ACTIVITY:
Starting with the line containing "185 Redwood Cir, Fayetteville, GA" and going on through the line containing "1399 Van Hoesen", return the lines of the data below exactly, and only those.

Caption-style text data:
□ □ □ □ □ □ □

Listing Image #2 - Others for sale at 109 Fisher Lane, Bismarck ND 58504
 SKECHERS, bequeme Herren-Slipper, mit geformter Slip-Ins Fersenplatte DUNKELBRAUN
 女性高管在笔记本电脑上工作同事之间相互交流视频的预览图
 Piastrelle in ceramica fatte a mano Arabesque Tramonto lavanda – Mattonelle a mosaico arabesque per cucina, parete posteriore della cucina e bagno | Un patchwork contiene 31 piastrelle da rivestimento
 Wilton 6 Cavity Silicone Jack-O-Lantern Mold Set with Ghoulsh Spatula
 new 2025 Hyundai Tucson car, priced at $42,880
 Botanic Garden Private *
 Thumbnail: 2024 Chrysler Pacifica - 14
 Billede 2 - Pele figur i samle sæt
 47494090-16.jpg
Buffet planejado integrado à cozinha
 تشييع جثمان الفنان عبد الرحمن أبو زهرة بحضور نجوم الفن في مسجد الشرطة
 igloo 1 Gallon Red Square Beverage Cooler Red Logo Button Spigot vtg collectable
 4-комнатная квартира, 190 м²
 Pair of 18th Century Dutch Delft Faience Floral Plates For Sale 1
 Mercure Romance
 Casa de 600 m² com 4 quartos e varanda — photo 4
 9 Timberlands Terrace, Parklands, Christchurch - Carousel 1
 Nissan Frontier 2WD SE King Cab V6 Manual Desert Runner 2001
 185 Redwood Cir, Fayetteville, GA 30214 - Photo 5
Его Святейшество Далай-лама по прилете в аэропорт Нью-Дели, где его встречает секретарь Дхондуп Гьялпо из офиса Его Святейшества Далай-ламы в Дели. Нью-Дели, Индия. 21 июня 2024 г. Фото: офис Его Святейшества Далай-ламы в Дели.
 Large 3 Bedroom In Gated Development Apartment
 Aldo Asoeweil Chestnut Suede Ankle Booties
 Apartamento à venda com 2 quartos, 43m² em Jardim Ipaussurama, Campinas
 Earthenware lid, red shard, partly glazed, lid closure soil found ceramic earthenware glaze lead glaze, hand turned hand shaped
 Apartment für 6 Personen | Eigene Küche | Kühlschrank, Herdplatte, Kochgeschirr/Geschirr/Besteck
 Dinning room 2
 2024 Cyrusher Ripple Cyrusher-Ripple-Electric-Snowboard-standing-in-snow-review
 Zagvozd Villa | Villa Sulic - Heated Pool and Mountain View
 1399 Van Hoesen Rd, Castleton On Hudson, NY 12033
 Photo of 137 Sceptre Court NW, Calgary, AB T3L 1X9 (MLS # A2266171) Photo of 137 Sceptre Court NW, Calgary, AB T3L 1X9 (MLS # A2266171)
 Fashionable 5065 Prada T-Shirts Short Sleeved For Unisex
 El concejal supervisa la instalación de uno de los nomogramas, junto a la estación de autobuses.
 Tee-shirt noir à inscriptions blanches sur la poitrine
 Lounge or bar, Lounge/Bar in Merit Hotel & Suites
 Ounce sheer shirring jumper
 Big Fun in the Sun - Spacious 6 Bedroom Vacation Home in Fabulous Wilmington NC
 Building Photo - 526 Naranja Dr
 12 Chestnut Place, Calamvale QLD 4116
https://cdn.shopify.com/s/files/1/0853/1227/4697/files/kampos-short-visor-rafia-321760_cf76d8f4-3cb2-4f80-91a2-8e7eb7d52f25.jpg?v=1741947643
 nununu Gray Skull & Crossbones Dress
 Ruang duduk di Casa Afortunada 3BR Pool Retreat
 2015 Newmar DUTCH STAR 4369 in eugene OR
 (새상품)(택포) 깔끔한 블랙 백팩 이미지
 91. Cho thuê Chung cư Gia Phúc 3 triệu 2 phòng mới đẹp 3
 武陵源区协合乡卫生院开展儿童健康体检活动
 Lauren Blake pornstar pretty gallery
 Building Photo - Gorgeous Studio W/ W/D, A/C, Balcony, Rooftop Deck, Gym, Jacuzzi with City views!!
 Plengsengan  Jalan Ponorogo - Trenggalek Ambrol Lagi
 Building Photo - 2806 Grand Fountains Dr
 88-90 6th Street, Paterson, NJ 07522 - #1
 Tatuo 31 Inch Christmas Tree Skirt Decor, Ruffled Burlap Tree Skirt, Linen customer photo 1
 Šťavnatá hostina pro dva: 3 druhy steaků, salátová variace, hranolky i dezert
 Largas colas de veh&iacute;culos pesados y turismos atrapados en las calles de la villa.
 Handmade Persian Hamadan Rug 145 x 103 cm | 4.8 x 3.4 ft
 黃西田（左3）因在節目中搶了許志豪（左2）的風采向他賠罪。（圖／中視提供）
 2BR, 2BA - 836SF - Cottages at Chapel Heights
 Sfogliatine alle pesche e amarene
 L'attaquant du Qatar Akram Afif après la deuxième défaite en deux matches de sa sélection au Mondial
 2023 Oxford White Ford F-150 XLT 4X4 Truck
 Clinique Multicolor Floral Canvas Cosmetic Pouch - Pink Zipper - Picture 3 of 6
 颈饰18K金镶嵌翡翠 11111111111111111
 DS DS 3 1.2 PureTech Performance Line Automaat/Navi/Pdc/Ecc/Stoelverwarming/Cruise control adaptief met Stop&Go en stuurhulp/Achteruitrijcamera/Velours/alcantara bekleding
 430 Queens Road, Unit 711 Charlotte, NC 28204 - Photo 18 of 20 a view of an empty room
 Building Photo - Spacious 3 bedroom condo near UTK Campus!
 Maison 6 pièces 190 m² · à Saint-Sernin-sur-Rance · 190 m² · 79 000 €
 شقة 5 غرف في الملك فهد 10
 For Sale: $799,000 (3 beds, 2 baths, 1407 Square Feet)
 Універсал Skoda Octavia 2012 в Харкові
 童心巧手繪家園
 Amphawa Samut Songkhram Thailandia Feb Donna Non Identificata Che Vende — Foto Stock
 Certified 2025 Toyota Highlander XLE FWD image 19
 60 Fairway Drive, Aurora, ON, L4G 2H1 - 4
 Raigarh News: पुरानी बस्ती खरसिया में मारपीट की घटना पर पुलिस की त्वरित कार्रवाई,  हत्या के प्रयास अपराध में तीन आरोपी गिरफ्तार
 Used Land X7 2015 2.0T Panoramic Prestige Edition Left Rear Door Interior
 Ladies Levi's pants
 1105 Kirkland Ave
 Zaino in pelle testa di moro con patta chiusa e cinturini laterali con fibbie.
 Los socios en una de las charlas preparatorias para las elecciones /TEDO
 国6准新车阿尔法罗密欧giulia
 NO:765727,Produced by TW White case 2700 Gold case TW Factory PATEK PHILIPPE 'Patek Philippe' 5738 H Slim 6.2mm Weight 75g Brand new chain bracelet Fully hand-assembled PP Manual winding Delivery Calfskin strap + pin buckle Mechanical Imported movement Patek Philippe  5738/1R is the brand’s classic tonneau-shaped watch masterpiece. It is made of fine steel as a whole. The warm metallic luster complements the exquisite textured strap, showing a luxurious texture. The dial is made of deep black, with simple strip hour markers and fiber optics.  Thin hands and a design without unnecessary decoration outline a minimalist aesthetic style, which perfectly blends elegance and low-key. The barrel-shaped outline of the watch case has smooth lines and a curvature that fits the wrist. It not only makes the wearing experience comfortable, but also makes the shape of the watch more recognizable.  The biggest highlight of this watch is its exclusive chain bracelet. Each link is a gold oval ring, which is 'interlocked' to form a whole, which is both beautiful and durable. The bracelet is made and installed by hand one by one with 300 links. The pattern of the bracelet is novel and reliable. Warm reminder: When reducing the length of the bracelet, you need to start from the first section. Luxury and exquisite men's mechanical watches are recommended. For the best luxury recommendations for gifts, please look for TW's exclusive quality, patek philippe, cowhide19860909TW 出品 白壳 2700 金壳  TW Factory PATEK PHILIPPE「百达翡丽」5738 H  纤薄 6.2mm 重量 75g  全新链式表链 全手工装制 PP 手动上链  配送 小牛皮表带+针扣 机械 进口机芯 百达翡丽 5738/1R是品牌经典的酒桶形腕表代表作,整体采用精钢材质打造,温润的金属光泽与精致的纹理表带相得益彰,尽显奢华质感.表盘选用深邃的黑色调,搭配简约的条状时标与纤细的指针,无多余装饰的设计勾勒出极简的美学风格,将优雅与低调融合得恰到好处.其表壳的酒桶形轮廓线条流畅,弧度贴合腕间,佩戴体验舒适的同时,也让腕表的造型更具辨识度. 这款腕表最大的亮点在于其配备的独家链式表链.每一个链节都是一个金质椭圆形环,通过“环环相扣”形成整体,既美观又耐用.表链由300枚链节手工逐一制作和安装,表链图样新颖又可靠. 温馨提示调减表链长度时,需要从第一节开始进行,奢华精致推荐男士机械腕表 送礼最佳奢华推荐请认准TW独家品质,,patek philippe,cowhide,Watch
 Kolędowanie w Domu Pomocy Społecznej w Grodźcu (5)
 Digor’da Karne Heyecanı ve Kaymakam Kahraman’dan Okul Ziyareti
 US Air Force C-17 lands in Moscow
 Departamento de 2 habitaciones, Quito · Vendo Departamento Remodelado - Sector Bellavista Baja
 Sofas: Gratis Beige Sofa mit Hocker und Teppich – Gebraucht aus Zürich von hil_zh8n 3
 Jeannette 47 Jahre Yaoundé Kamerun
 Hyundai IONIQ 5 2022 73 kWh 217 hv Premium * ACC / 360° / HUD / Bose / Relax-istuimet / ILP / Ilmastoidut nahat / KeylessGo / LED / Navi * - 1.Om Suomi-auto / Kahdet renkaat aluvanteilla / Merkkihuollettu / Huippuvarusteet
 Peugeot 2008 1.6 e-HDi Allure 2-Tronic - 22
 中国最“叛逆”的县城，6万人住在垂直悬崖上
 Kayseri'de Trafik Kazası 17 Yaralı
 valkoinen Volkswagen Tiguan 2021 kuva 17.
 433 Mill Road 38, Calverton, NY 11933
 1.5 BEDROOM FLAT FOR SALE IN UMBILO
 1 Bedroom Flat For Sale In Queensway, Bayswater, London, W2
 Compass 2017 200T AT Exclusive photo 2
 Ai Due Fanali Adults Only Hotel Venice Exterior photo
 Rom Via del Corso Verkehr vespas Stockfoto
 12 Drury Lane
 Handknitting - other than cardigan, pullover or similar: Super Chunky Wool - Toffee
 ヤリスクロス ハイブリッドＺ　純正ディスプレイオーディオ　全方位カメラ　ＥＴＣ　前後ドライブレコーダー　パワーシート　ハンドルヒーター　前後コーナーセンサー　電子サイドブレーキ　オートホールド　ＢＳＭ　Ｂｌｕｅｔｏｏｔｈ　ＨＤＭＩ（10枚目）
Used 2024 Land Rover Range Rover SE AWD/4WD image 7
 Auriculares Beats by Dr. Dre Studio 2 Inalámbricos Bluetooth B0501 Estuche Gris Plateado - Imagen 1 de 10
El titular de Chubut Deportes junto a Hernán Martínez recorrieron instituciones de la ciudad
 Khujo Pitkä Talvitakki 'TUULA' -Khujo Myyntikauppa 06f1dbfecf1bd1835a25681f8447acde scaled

□ □ □ □ □ □ □

OUTPUT OF THE TASK:
 185 Redwood Cir, Fayetteville, GA 30214 - Photo 5
Его Святейшество Далай-лама по прилете в аэропорт Нью-Дели, где его встречает секретарь Дхондуп Гьялпо из офиса Его Святейшества Далай-ламы в Дели. Нью-Дели, Индия. 21 июня 2024 г. Фото: офис Его Святейшества Далай-ламы в Дели.
 Large 3 Bedroom In Gated Development Apartment
 Aldo Asoeweil Chestnut Suede Ankle Booties
 Apartamento à venda com 2 quartos, 43m² em Jardim Ipaussurama, Campinas
 Earthenware lid, red shard, partly glazed, lid closure soil found ceramic earthenware glaze lead glaze, hand turned hand shaped
 Apartment für 6 Personen | Eigene Küche | Kühlschrank, Herdplatte, Kochgeschirr/Geschirr/Besteck
 Dinning room 2
 2024 Cyrusher Ripple Cyrusher-Ripple-Electric-Snowboard-standing-in-snow-review
 Zagvozd Villa | Villa Sulic - Heated Pool and Mountain View
 1399 Van Hoesen Rd, Castleton On Hudson, NY 12033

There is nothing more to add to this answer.